Short text fragments from websites:

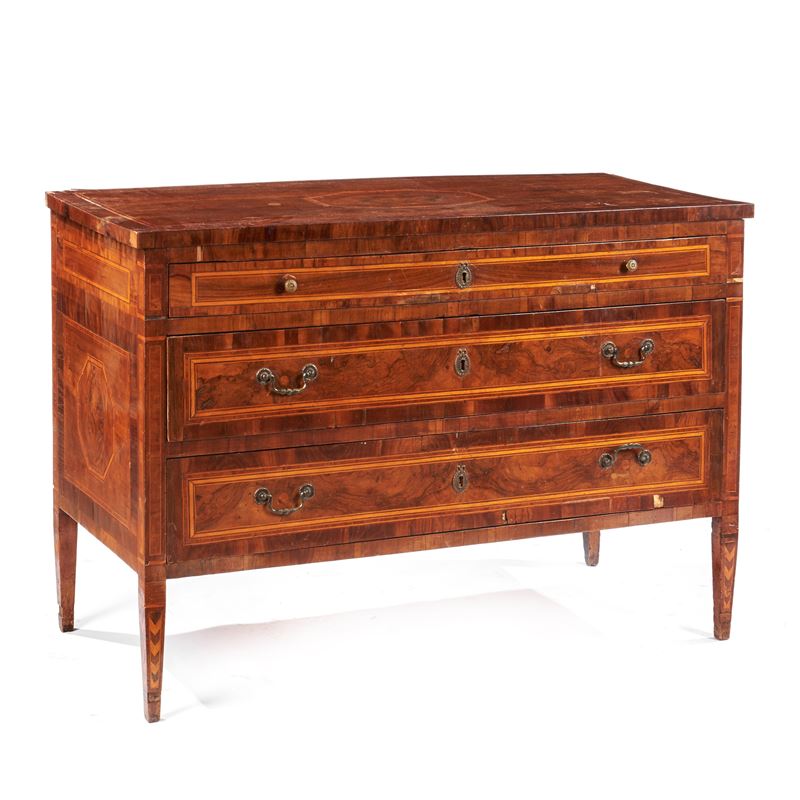 Cassettone, Toscana, fine sec. XVIII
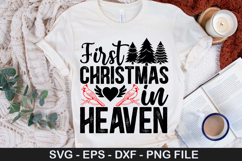 First christmas in heaven - Christmas SVG Design Product Image 1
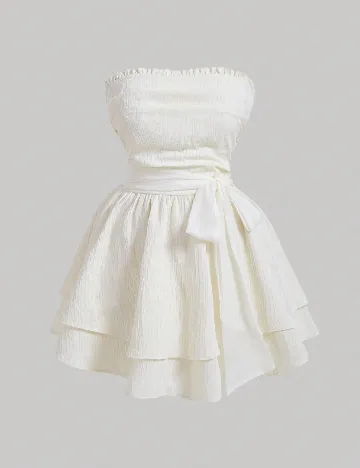 Rochie scurta SHEIN CURVE, crem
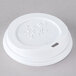 Eco-Products 10, 12, 16, and 20 oz. White Recycled Content Hot Paper Cup Lid   - 100/Pack Main Thumbnail 2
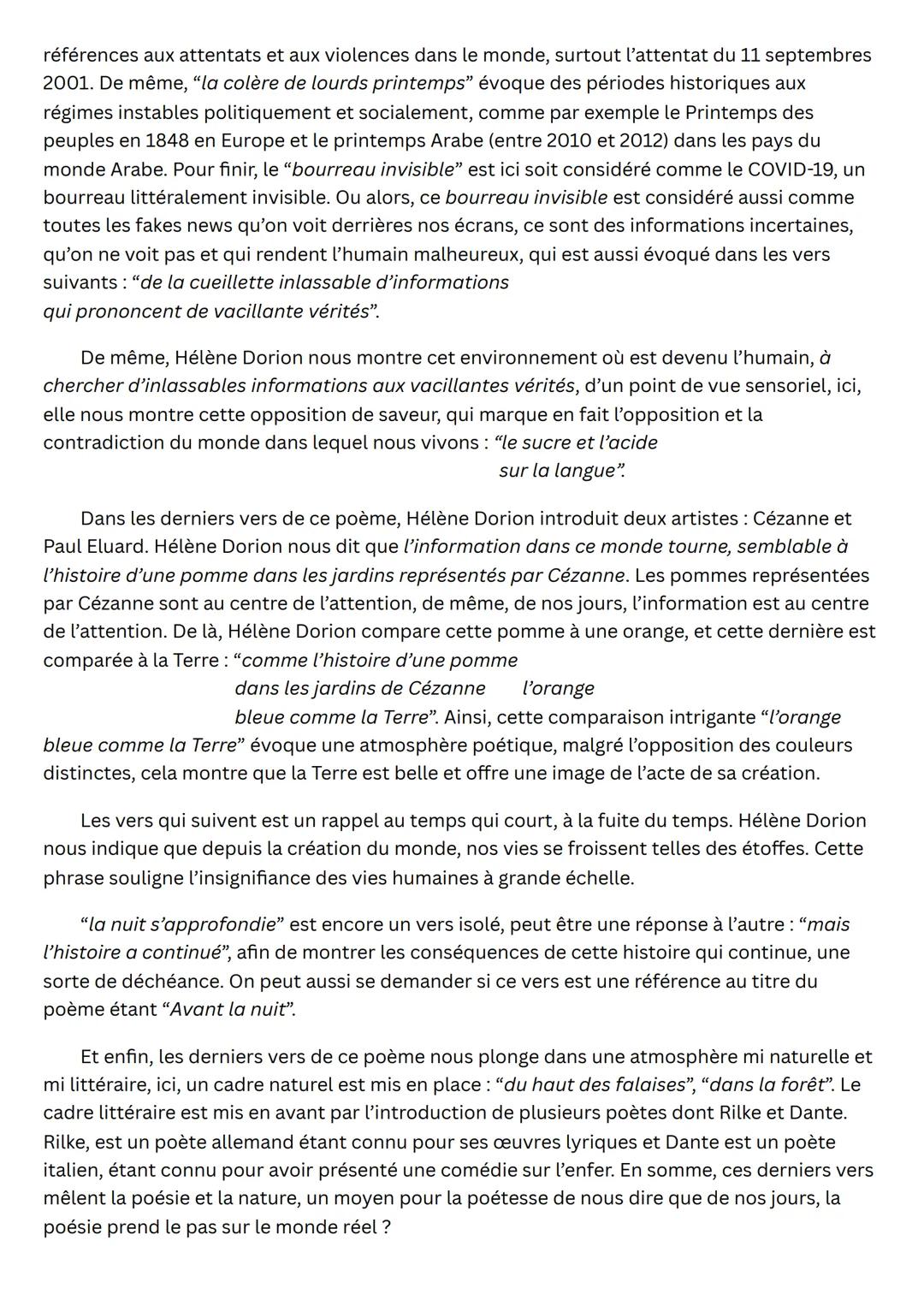 Helene Dorion; extrait de
"Avantta muit
Introduction
Bonjour ! Je vais vous présenter ce texte, qui est un poème de la poète/poétesse Hélène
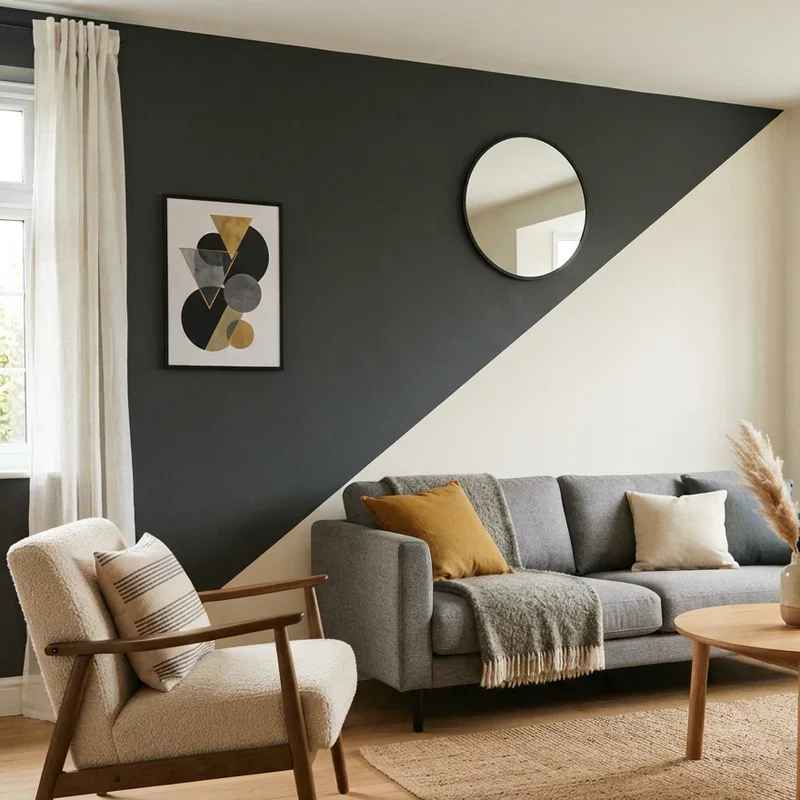 Two Tone Living Room Paint Ideas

** WHAT YOU NEED TO DO **
Where the line containing "Introduction" appears, begin copying there and continue exactly through the final line of the records; both end lines belong in the copy, pictures do not.

** WRITTEN SOLUTION **
Introduction
Bonjour ! Je vais vous présenter ce texte, qui est un poème de la poète/poétesse Hélène
 Two Tone Living Room Paint Ideas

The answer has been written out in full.